The Senate version also says state regulations of lead in consumer products would be superceded by any standards the federal government might adopt, even if they are less stringent than Maryland's.
Finally, one amendment would exempt some lead-containing products that might still be hazardous if chewed or swallowed, advocates say.
"They've really just blown a hole in the bill," said Del. James W. Hubbard, a Prince George's County Democrat who sponsored the House bill.
Ruth Ann Norton, executive director of the Coalition to End Childhood Lead Poisoning, said the changes, made last week by the committee, are "corporate influence at its worst."
She charged that the amendments were proposed to the committee after public hearings on the bill by a lobbyist for the toy industry, D. Robert Enten.
Enten declined to comment, relaying questions to his client, the Toy Industry Association, which did not respond.
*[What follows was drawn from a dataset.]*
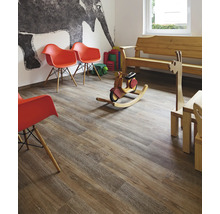 Kinderzimmer mit Holzboden, Spielzeug und Möbeln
But Sen. Thomas "Mac" Middleton, chairman of the Finance Committee, said the changes were needed to get a majority of his panel to back the legislation.
"I want a bill," said Middleton, a Charles County Democrat. "And what I gathered from my members, if they couldn't make some changes to the bill, they weren't going to support it. And those were the compromise changes."
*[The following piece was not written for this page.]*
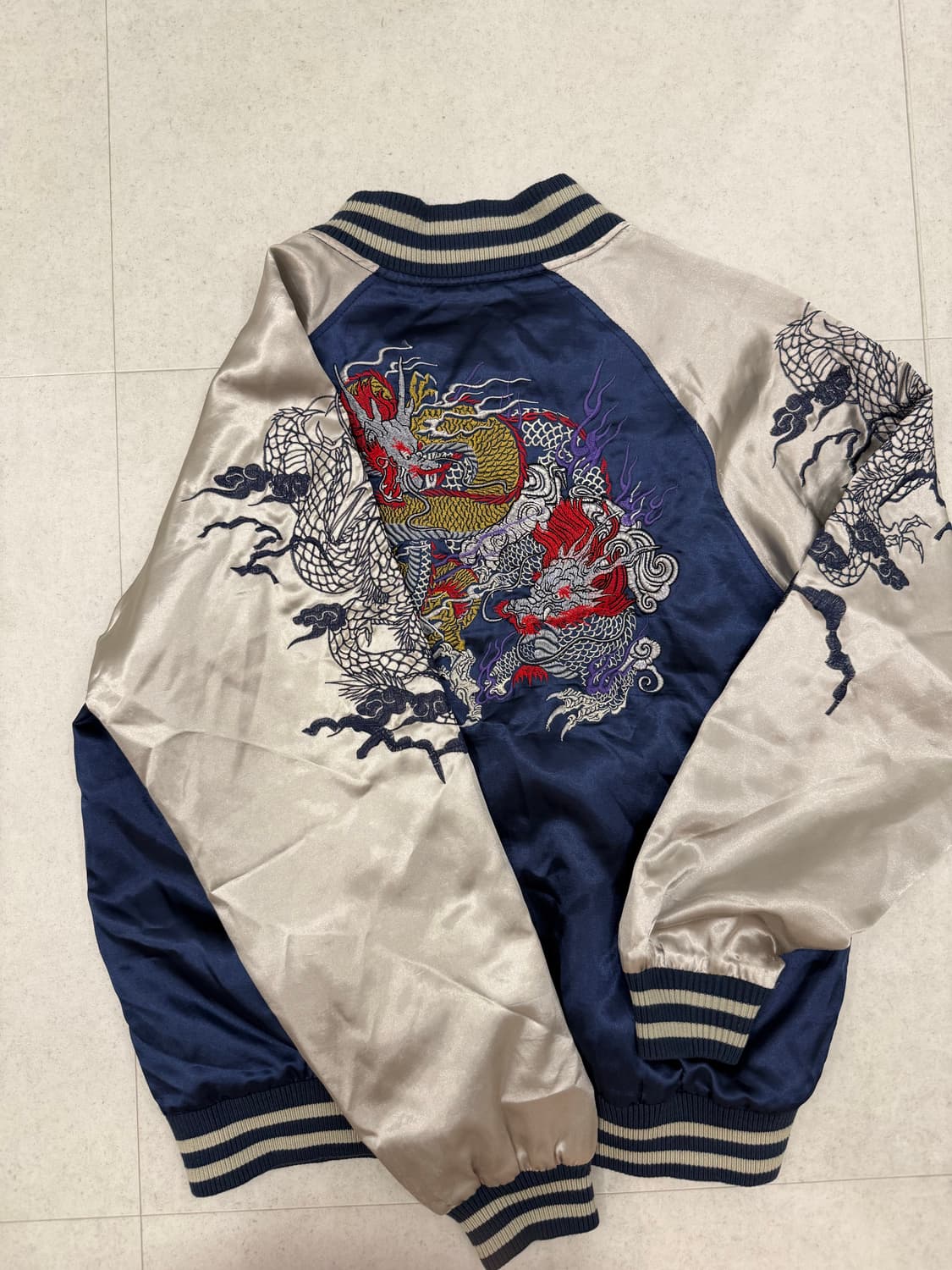 용 자수 자켓 팝니다 XL사이즈 상품이미지5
Maryland is one of a handful of states weighing lead-products bans after revelations last year that some imported toys were either coated with lead paint or contained lead in their metal parts. Congress also is considering new restrictions.
Though lead-based paint used in older homes remains the chief health threat to young children, advocates say other sources of exposure to the hazardous substance need to be minimized because its effects can be cumulative.
"This is not just about toys," Norton said. "This is products like coal and other homeopathic remedies and other sources of lead that have clearly poisoned children and killed a child in Minneapolis."
Lead poisoning can result in learning disabilities, aggressive behavior, hearing loss and mental retardation.
Although fatalities are rare, a 4-year-old Minneapolis boy died in 2006 after ingesting a lead-tainted charm.
Horacio Tablada, chief of waste management for the Maryland Department of the Environment, said an amendment limiting the ban to products with "accessible" lead might make the legislation difficult to enforce.
Tom Neltner, a Sierra Club representative, said that standard still would allow products that might poison children if chewed or swallowed.
"The jewelry that killed the child in Minneapolis would have passed the [accessibility] test because the lead was coated in plastic," Neltner said.